> _WORK TO BE COMPLETED_:
Set down a true copy of the data, with all pictures left out.

> _THE DATA_:

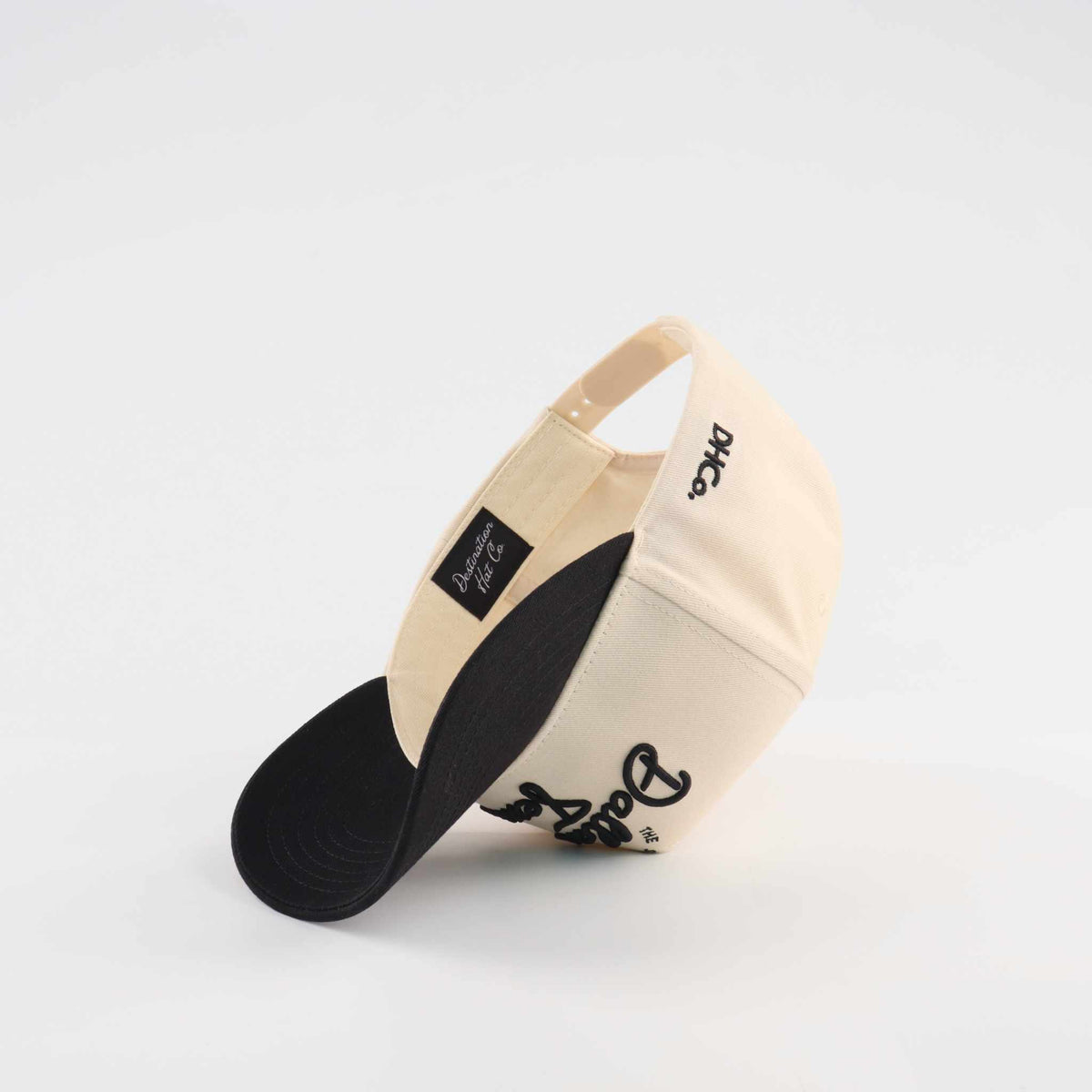 The Dallas Script Hat in beige and black, featuring a curved brim and script logo embroidery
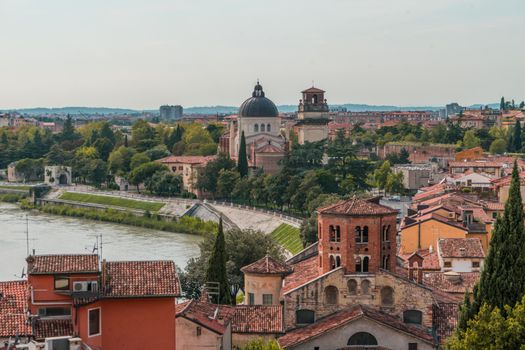 Explore Verona's stunning cityscape with historic architecture along the Adige River.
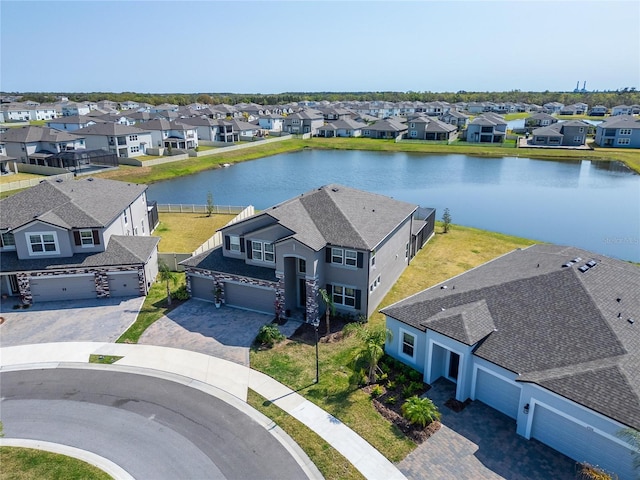 birds eye view of property with a residential view and a water view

> _YOUR SOLUTION_:
 The Dallas Script Hat in beige and black, featuring a curved brim and script logo embroidery
 Explore Verona's stunning cityscape with historic architecture along the Adige River.
 birds eye view of property with a residential view and a water view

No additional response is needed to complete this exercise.